The NIH, in partnership with USAID, the CDC, the EPA and the Global Alliance for Clean Cookstoves (GACC), launched a Clean Cooking Implementation Science Network (ISN) to advance the science of uptake and scale-up of clean cooking technology in the developing world. Sustained, near-exclusive use of clean cooking technology is understood to be key to improving multiple important health outcomes by reducing exposure to household air pollution.
About the Clean Cooking ISN
Hosted by the Center for Global Health Studies (CGHS) at Fogarty, and supported by the NIH Common Fund, the primary goal of the Clean Cooking ISN is to advance the scientific understanding of how to implement evidence-based clean cooking interventions to maximize their benefits to the health and longevity of populations in low- and middle-income countries (LMICs).

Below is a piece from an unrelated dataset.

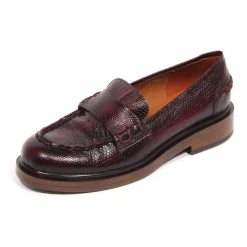 Mocasín de efecto vintage en burdeos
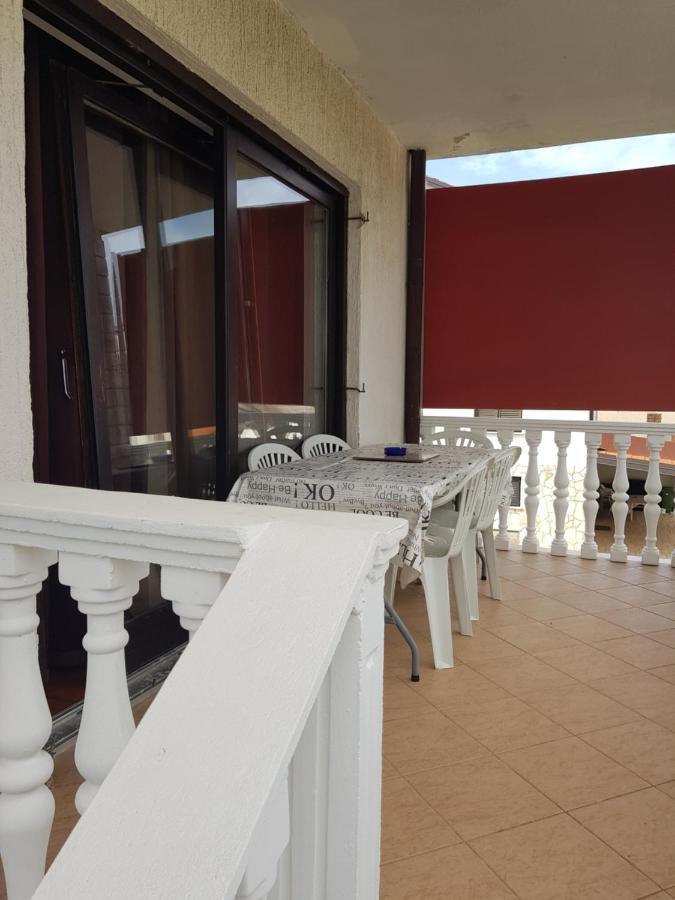 Lili Appartement Umag Buitenkant foto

Significant implementation challenges exist in the clean cooking arena concerning the adoption and use of technologies that reduce pollutant exposures sufficiently to achieve health benefits. These challenges can multiply when the goal is scaling up these technologies. Successful scale-up will depend on understanding the complex interplay among multiple environmental, economic, behavioral and other setting-specific factors.
To meet its objectives, the Clean Cooking ISN aims to foster collaboration among researchers and implementers. Each year since 2016, the Network has supported projects designed to advance the science of clean cooking implementation at scale.